■ **Raw data**:
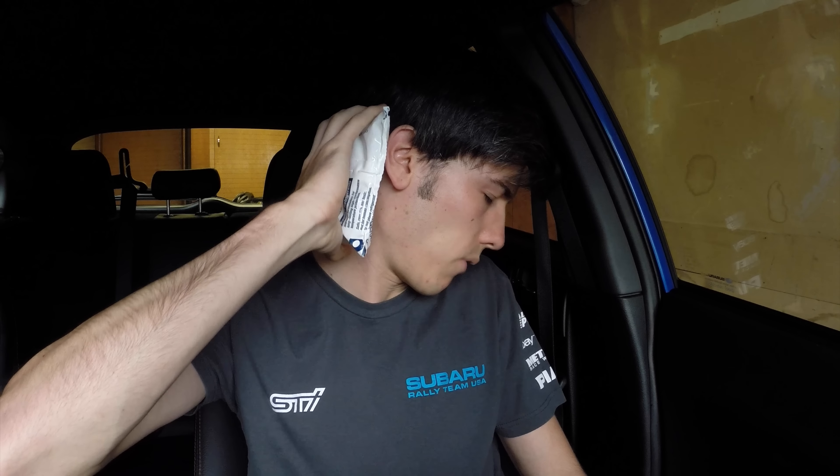So I've got this gas mask here. This is just in case there's any Volkswagens driving around me. Hold on, Volkswagen — let me get that for you.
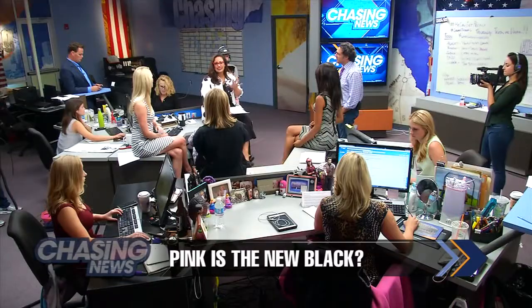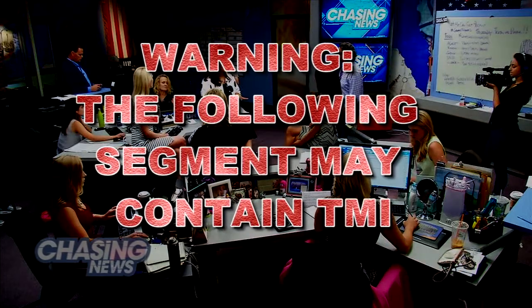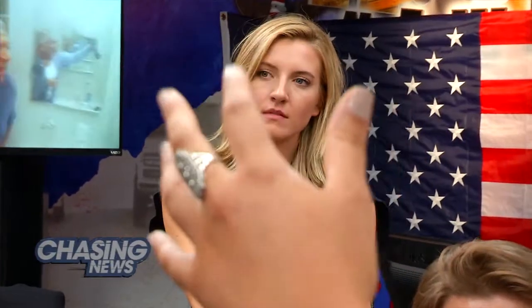I just have to warn you guys, TMI is about to happen right here. Over Labor Day weekend, an active volcano made a home in my throat and chest — I had a wicked case of acid reflux, and I'm pretty sure my life was about to be over.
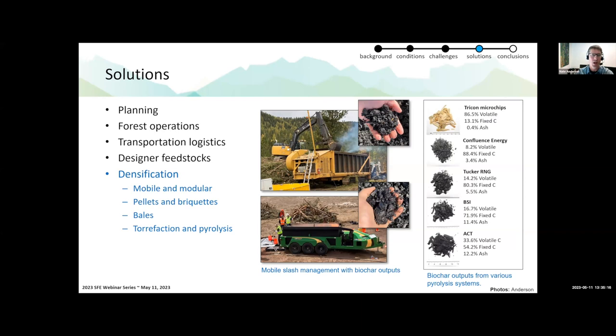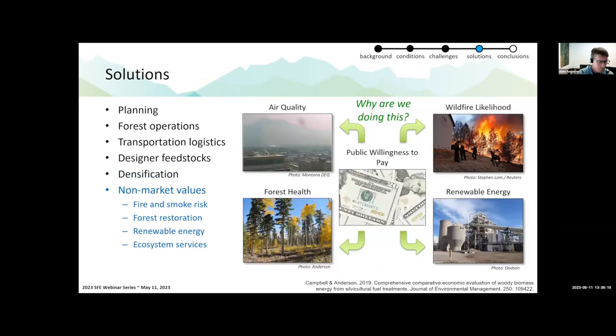We've been doing a lot of work with mobile slash processing with and without biochar production. The Tigercat Carbonator and the Air Burner Char Boss are mobile units designed as forward-operating pieces of equipment. We've deployed the Carbonator this week at a sawmill in Montana and have done half a dozen demonstrations with the Char Boss. The idea is we can process slash, expand the burn window, achieve better emissions outcomes, and also produce biochar that can be used on-site as a soil amendment or shipped off-site as a product — applying torrefaction and pyrolysis in a forward operating environment.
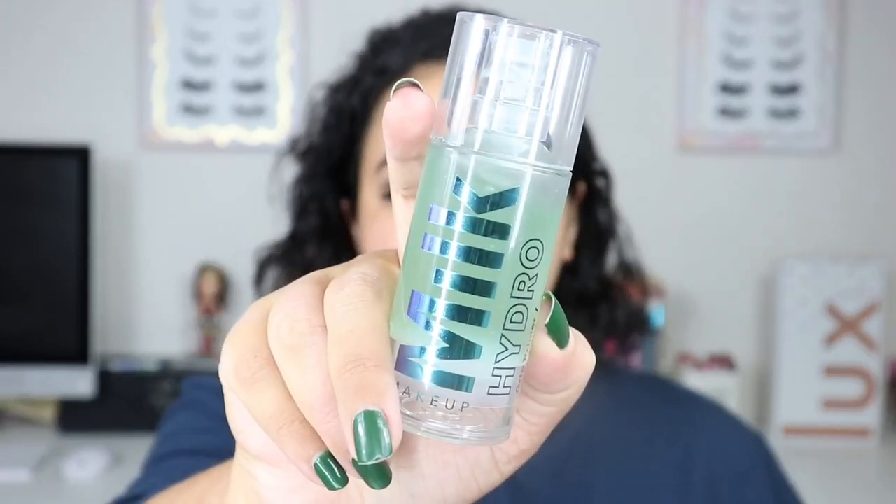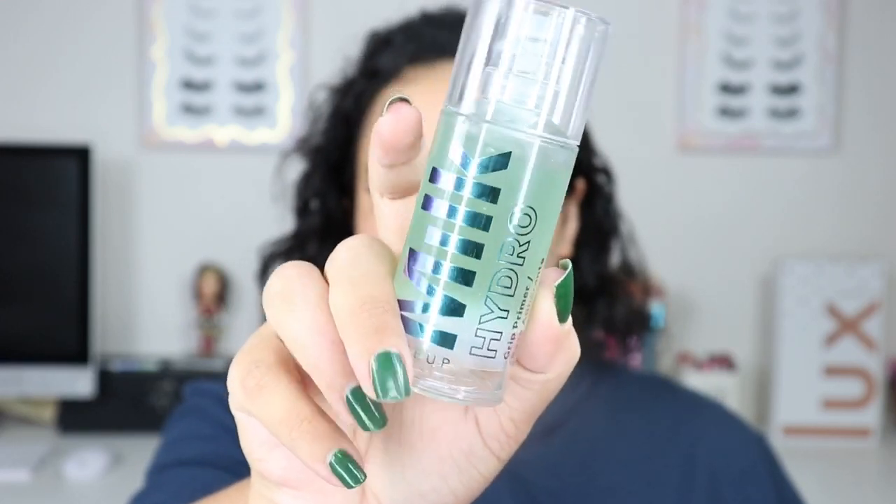So the first thing I go into after my moisturizer is primer. I have quite a few primers, but when my skin is pretty dry, I like a hydrating primer. I have the Becca one and a Tarte one that I really like, but ever since I bought this — I think it was the beginning of the year — this has been my go-to. This is the Milk Makeup Hydro Grit Primer. It's like tacky, which is what I really like when I'm doing a full coverage look. I want it to stick.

■ **Task objective**: Print the listing above in full, exactly as written. Omit any pictures.

■ **Task result**:
So I've got this gas mask here. This is just in case there's any Volkswagens driving around me. Hold on, Volkswagen — let me get that for you.
I just have to warn you guys, TMI is about to happen right here. Over Labor Day weekend, an active volcano made a home in my throat and chest — I had a wicked case of acid reflux, and I'm pretty sure my life was about to be over.
We've been doing a lot of work with mobile slash processing with and without biochar production. The Tigercat Carbonator and the Air Burner Char Boss are mobile units designed as forward-operating pieces of equipment. We've deployed the Carbonator this week at a sawmill in Montana and have done half a dozen demonstrations with the Char Boss. The idea is we can process slash, expand the burn window, achieve better emissions outcomes, and also produce biochar that can be used on-site as a soil amendment or shipped off-site as a product — applying torrefaction and pyrolysis in a forward operating environment.
So the first thing I go into after my moisturizer is primer. I have quite a few primers, but when my skin is pretty dry, I like a hydrating primer. I have the Becca one and a Tarte one that I really like, but ever since I bought this — I think it was the beginning of the year — this has been my go-to. This is the Milk Makeup Hydro Grit Primer. It's like tacky, which is what I really like when I'm doing a full coverage look. I want it to stick.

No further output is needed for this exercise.